Against the backdrop of a dominant NDA and disintegrating UPA, we wanted to send out a message of Left consolidation and in this respect, the seat-sharing arrangement has been quite successful. The agreement was greatly welcomed by Left ranks and well-wishers across the state, and democratic circles too welcomed it as a healthy development for the future. After the stifling experience of years of uncritical association with discredited bourgeois parties, the rank and file of the CPI and CPI(M) evidently found this new course much more dignified and promising. There is now a growing determination among Left ranks to reclaim the lost ground and chart a new future.
A seat-sharing pact by no means amounts to a programmatic front; in this case, it did not even involve much joint campaigning because we were aware of the differing tactical perspectives. The campaign of the CPI(M) and CPI was directed towards formation of a “Third Front” government at the Centre, while our campaign revolved around the need for a committed Left opposition. The joint appeal issued by the state committees of the three parties confined itself only to a common call for a stronger Left intervention in national politics and opposition to pro-corporate anti-people policies and communal and imperialist offensive.

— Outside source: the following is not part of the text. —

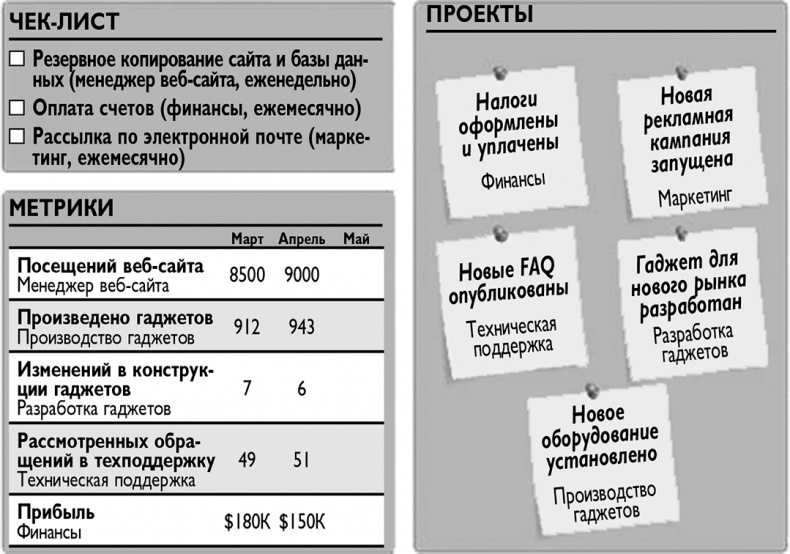 Иллюстрация к книге — Холакратия. Революционный подход в менеджменте [i_009.jpg]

The seat-sharing pact was also confined to Bihar and in no way did it affect our position in West Bengal. Results clearly show that our voters in West Bengal have had no difficulty in appreciating our consistent position and our votes have increased by 20,000. Had the Bihar arrangement created any confusion regarding our political identity or tactical line among our supporters, we could not have possibly secured this increase in votes in the midst of a massive anti-CPI(M) wave. It is true that in the paradoxical situation of West Bengal, many Left and democratic individuals and even organised forces have sided with the TMC-Congress combine with the sole objective of teaching the CPI(M) a befitting lesson for all its misdeeds and arrogance. We cannot treat them as typical supporters of the TMC-Congress camp and will have to wait for a different turn in the situation for these forces to dissociate themselves from the TMC-Congress camp.

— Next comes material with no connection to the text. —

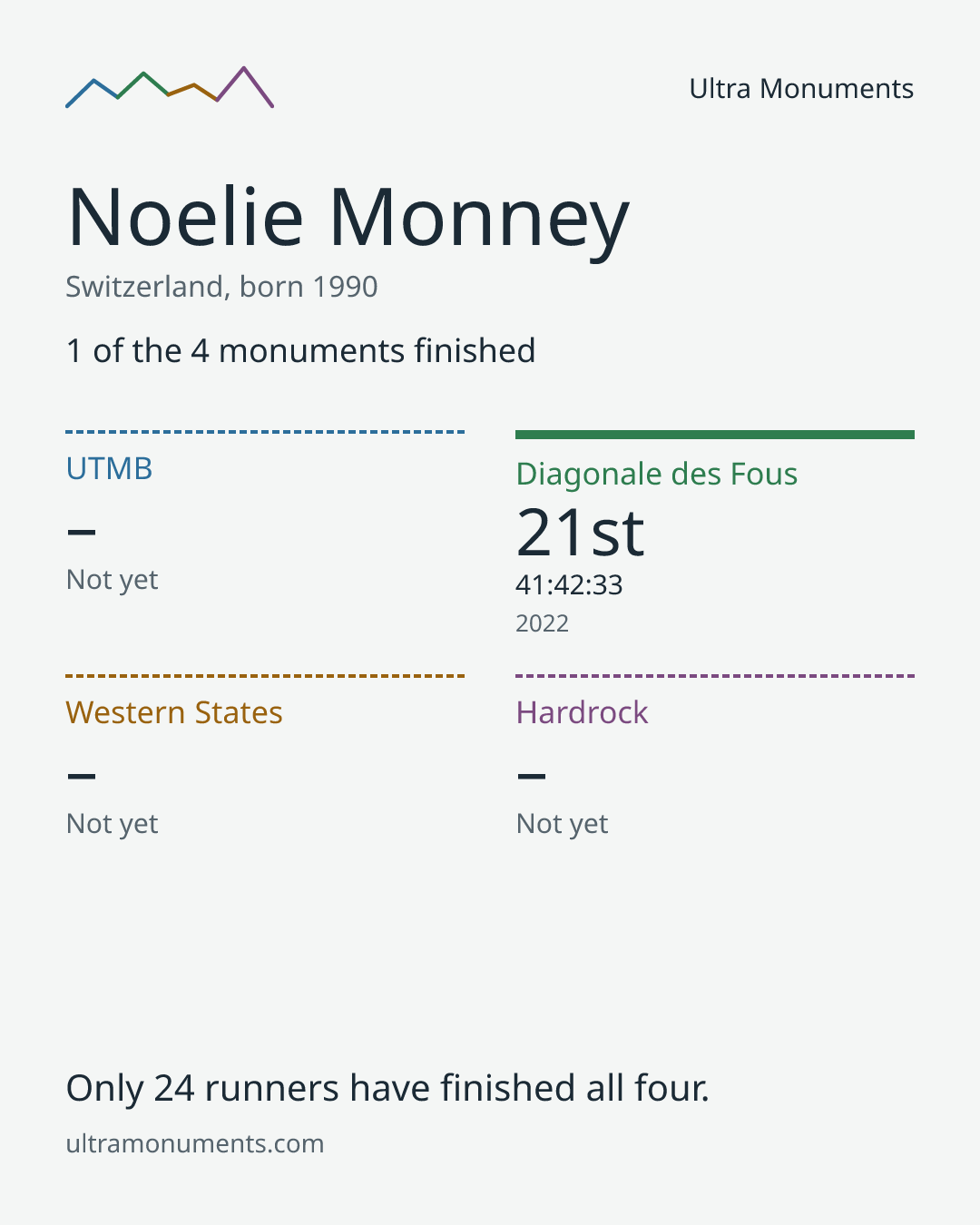 Results card for Noelie Monney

Does the Bihar arrangement have a future? Well, we are aware of the tremendous difficulties involved because in the Hindi belt, the CPI and CPI(M) have virtually forgotten what it is like to work independently and function as an opposition. Their crossing over to the Naveen Patnaik camp in Orissa is yet another example of their pro-government culture. But the fact remains that the two parties have reached their nadir in the electoral arena and the results of these elections have sounded a wake-up call. It is therefore important to intensify the battle against parliamentary opportunism even as we explore every possibility of developing political cooperation amidst united struggles in states where the CPI and CPI(M) belong to the opposition.
In Jharkhand, two ex-Maoist leaders fought the elections from inside jail. Comrade Keshwar Yadav joined our Party and fought as CPI(ML) candidate from Chatra (polling 63,846 votes while the winner got 1,08,336), and Kameshwar Baitha contested and won on JMM ticket with Congress support. In the Palamu by-election held in 2007, Baitha had contested on BSP ticket and finished second. This clearly shows that a churning is going on in Maoist circles – while some sections are now looking for a place in bourgeois politics, some remain committed to the revolutionary communist camp. It is important to intervene in this churning and lead it towards a greater expansion of militant struggles of the rural poor and stronger assertion of the revolutionary Left in the region.